Il 39.8% delle donne, in Italia, ha un reddito inferiore ai 15.000 euro annui. Di queste il 24.8% sono “lavoratrici continue”, ovvero che lavorano tutto l’anno. Nonostante questo si trovano in una condizione di vulnerabilità economica. Gli uomini in questa condizione, invece, si fermano al 6.8%. Basterebbe questo dato, che emerge dalla ricerca ACLI (Associazioni Cristiane Lavoratori Italiani) “Lavorare dis/pari, ricerca su disparità salariale e di genere”, realizzata dall’Area Lavoro delle ACLI Nazionali, in collaborazione con il Coordinamento Donne ACLI che ha preso in esame 1.321.590 dichiarazioni fiscali (modello 730) del 2021 per capire quanto il tema della disparità salariale sia forte nel nostro paese. Il report, invece, ci fornisce molti altri numeri, probabilmente ancora più significativi.
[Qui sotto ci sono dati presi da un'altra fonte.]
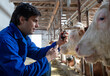 © Budimir Jevtic - Veterinarian holding syringe in front of cows in stable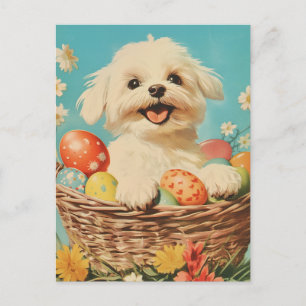 Maltese dog Vintage Easter Postcard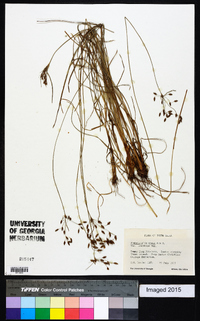 Fimbristylis annua image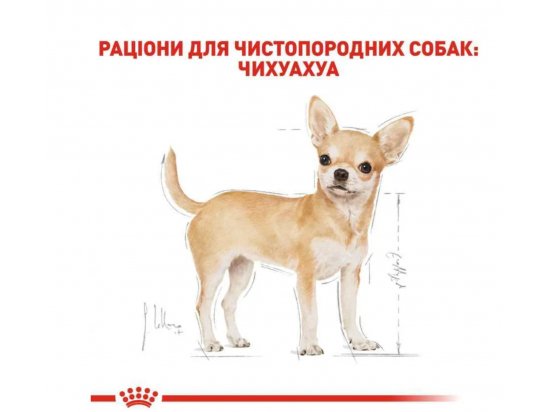 Фото - вологий корм (консерви) Royal Canin CHIHUAHUA ADULT (ЧИХУАХУА ЕДАЛТ) вологий корм для собак від 8 місяців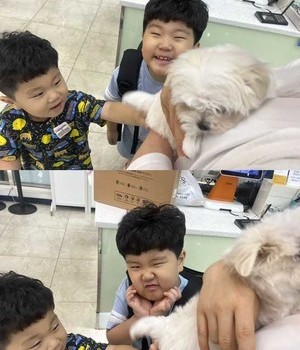 말티즈 분양후기 [24.6.26]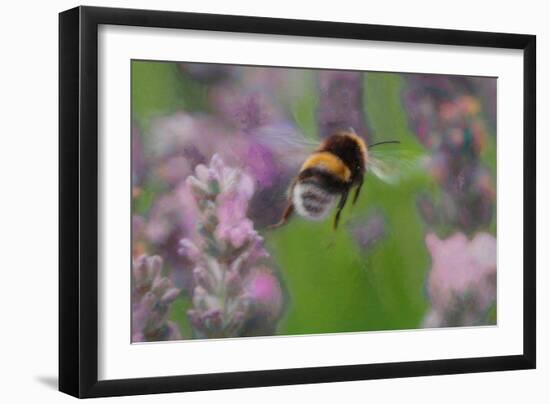 Bee in Lavender, 2018-Helen White-Framed Giclee Print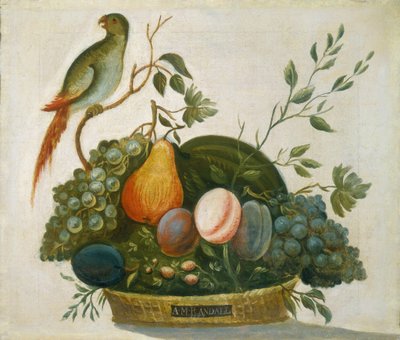 Panier de fruits avec perroquet - A.M. Randall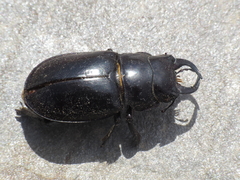 Lucanus barbarossa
Ad esempio tra le donne lavoratrici under 35 anni quasi una su due (49,2%) ha un reddito al di sotto dei 15.000, numero che riguarda il 31,2% tra quelle che lavorano tutto l’anno. E ancora, guardando allo stipendio netto mensile dei lavoratori nel comparto dei servizi, si scopre che il gender pay gap è diffusissimo: il 69.4% delle donne non supera i 1.500 euro al mese di stipendio, percentuale che crolla al 35.7% tra gli uomini.

 

Non è un caso, allora, che il 58% delle donne dichiari di avere un lavoro, ma non una carriera (38% tra gli uomini) e che una su due (50.1%) ritenga il proprio reddito insufficiente. Stupisce invece la poca consapevolezza degli italiani, a cominciare delle donne, di questa situazione se solo il 25% di esse (e il 20% tra gli uomini) si dichiara “poco o per nulla d’accordo” riguardo all’esistenza di una parità di trattamento sul lavoro.

 

Per una volta, però, siamo in “buona compagnia” visto che in media le donne europee guadagnano il 13% in meno degli uomini a parità di mansione (In Italia il 12.5%). Per questo, l’Unione Europea sta provando a correre ai ripari e per ridurre il Gender pay gap vuole iniziare dalla trasparenza retributiva. Lo scorso 10 maggio è stata approvata in via definitiva una direttiva “volta a rafforzare l’applicazione del principio della parità di retribuzione tra uomini e donne per uno stesso lavoro o per un lavoro di pari valore attraverso la trasparenza retributiva e i relativi meccanismi di applicazione“ che impone la trasparenza salariale. L’obiettivo è eliminare ogni discriminazione, arrivando all’equiparazione degli stipendi a parità di mansione.

 

I datori di lavoro, senza distinzione tra pubblico e privato, saranno quindi obbligati a dichiarare in sede di colloquio e nell’avviso di ricerca di lavoro le informazioni sulla retribuzione iniziale o sulla fascia retributiva dei posti vacanti pubblicati. Inoltre, nel testo si legge che “Tutti i lavoratori dovrebbero avere il diritto, su loro richiesta, di ottenere informazioni sul loro livello retributivo individuale e sui livelli retributivi medi, ripartiti per sesso, della categoria di lavoratori che svolgono lo stesso lavoro o un lavoro di pari valore rispetto a quello svolto da loro”. La norma, poi, ribalta l’onere della prova: non sarà più il lavoratore a dover dimostrare la discriminazione, ma toccherà al datore dimostrare di non aver violato la normativa UE. Gli stati membri dell’Unione hanno tre anni di tempo per adeguarsi alla normativa, adeguando la legislazione nazionale.